The logic seems impeccable. With the government about to announce the most swingeing public spending cuts in living memory, the other side of the ’public finance equation’ is obviously to collect all of the tax revenue that is due.
However, whereas the PAYE controversy was in one sense just a ’correction’ of previous errors, the current speculation concerns an apparently renewed determination by the Treasury to ensure that businesses are playing by the rules as far as their basic tax computations are concerned, particularly in areas such as VAT returns and end-of-year profit calculations.
The VAT inspector
Now, on reflection, those readers who’ve been in business for a long time might, however grudgingly, concede that they’ve seen a gradual decline in detailed scrutiny by various tax offices over that time.
For example, anyone who ran a forecourt back in the 1980s or 1990s was quite used to seeing a VAT inspector on site every 18 months or so. Those visits typically took at least half a day, and usually involved a quite detailed comparison of the business bank account and sales and purchase records against the quarterly returns submitted since the last inspection.
If all were generally okay at that level, the visit would conclude with what became almost a ritual dance between the inspector and the proprietor, revolving around small items of expenditure that may have been wholly for business purposes (or not). Namely private phone bills, motor expenses, ’staff lunches’, food stock written-off and consumed on site, etc.
In most cases it was deemed safest to let the inspector score a minor victory on something pretty small so that honour could be satisfied, and then take them for a bite to eat at the nearest hostelry before they could stumble on something more interesting.
Although few will openly admit it now, many accountants took a similar approach to the annual tax submissions for their clients: they would provide a lot of detail in those expense categories which were known to particularly interest tax inspectors (motor expenses, legal and professional fees and the dreaded miscellaneous expenses); agree to some small disallowance demanded by the inspector in one of those areas, and the rest would probably go through without too much more scrutiny.
Over time the VAT visits became less frequent, and many forecourts haven’t seen a VAT Inspector in any official capacity for years.
In some respects a parallel story developed with annual accounts. Generally they seemed to be accepted without requests for further explanation or information unless the Revenue was already suspicious of the trader’s activities, in which case they might just initiate a much deeper inquiry into almost everything.
Accountants spent hours preparing detailed analyses of various expenses only to find that in most cases the revenue didn’t want to discuss them. On both sides the story tended towards ’all or nothing’. Either the basic information supplied by the taxpayer was accepted without further query, or it went to the other extreme and a costly examination of all the figures ensued.
There may well be impeccable logic to having HMRC pay a bit closer scrutiny to the accounts and tax returns of all businesses, with the intention of collecting more tax for the Exchequer.

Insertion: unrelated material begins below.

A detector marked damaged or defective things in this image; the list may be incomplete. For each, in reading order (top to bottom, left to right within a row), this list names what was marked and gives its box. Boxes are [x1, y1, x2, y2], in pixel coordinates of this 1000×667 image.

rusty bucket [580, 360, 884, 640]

It’s quite possible that some businesses have fallen into sloppy habits as far as their accounting and record-keeping procedures are concerned, since the chances of anyone ’official’ turning up and demanding to see the books have been pretty slim over the past few years.
Add to that the absence of any kind of financial audit for most small and medium businesses, as well as a tendency for many proprietors of such businesses to dispense with regular professional advice or even experienced bookkeeping staff as an economy measure, and there’s a good chance that their accounts and tax returns are slightly less than accurate.

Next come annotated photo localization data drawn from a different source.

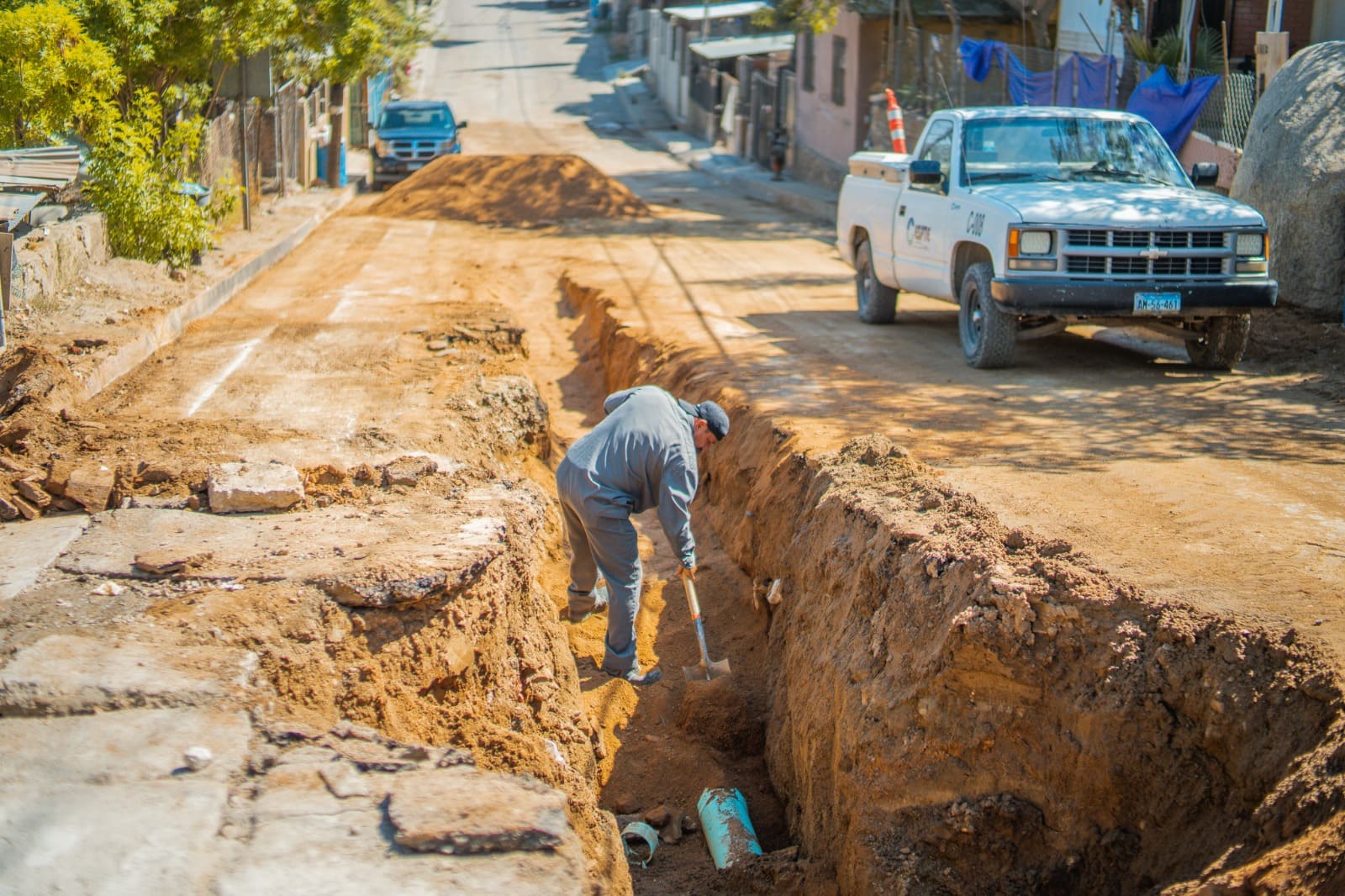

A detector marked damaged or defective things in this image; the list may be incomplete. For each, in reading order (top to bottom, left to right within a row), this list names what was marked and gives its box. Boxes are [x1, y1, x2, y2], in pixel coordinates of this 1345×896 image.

broken concrete chunk [63, 468, 115, 509]
broken concrete chunk [207, 460, 305, 509]
broken concrete chunk [382, 457, 438, 484]
broken concrete chunk [317, 758, 371, 796]
broken concrete chunk [393, 769, 572, 850]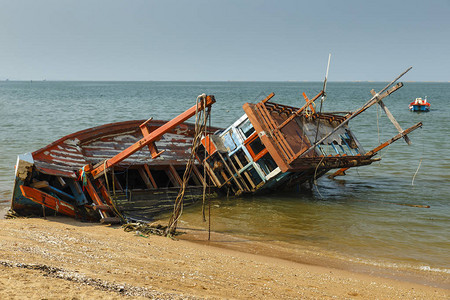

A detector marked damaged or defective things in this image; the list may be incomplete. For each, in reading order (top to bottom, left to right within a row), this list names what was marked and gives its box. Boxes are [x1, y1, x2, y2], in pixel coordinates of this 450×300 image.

rusted frame [87, 95, 216, 178]
broken wooden boat [11, 67, 426, 223]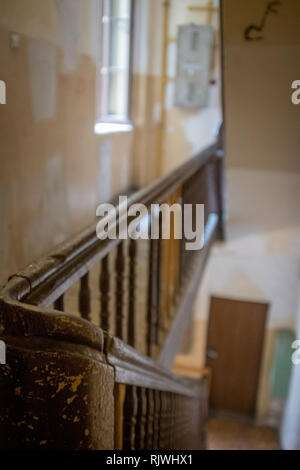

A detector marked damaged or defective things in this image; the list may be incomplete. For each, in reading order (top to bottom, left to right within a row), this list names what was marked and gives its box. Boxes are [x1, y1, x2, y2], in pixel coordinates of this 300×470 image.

peeling paint on wall [28, 38, 56, 122]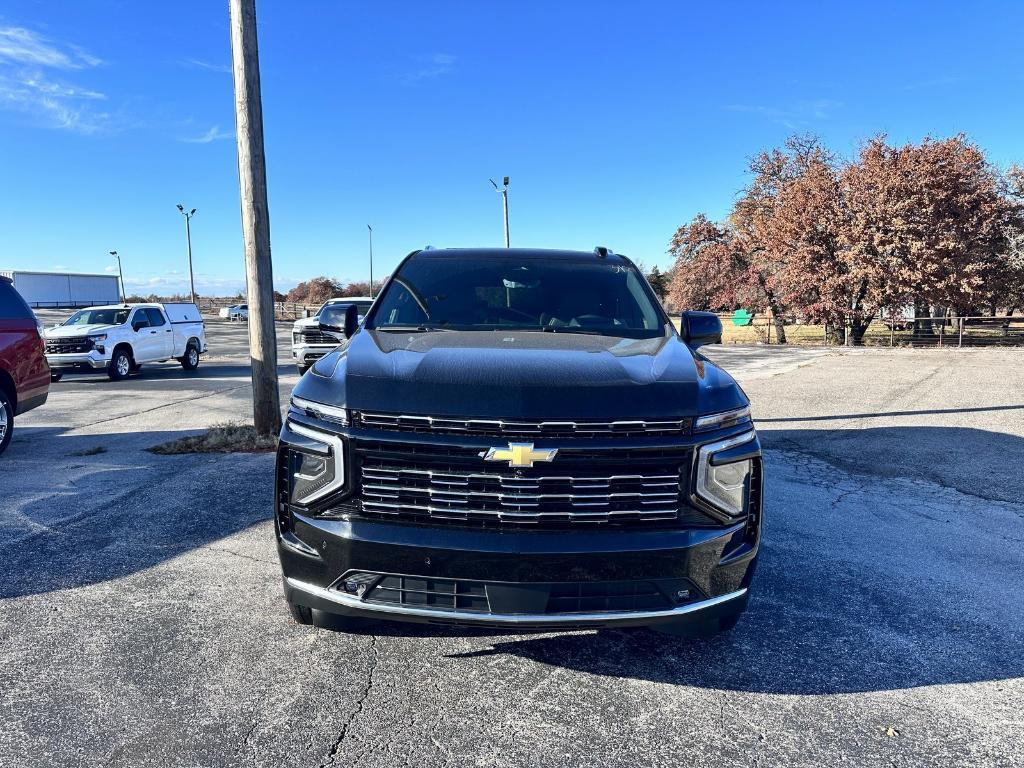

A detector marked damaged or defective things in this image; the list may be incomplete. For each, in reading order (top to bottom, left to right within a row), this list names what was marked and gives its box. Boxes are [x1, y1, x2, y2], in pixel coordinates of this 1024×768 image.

cracked asphalt [2, 316, 1024, 760]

However, as with all seemingly impeccable logic there’s always one big flaw.
The reason why the frequency of VAT inspections dwindled almost to insignificance, and the Revenue became increasingly relaxed about the quantity and quality of the information they received from thousands of small businesses over the last 10 or 15 years, was simply cost. Such attention required trained, experienced people at HMRC who were able to spend at least half a day per client out in the real world for a VAT visit.
Successive governments have demanded ’efficiency’ meaning fewer staff dealing with more cases, so the priority switched to larger targets that could potentially produce greater financial returns.
Given that the Chancellor is expected to announce yet further cuts in civil service numbers, and assuming that it’s inconceivable for any Conservative Chancellor to announce something as radical as extending financial audit requirements to smaller businesses, it’s extremely difficult to see how the Treasury might expect to toughen-up compliance with tax measures. Still, you never know.
It might just be prudent for some businesses out there to tidy up their accounting and administration, seeking professional help if they don’t know how just in case...before more brown HMRC envelopes drop through the letterbox!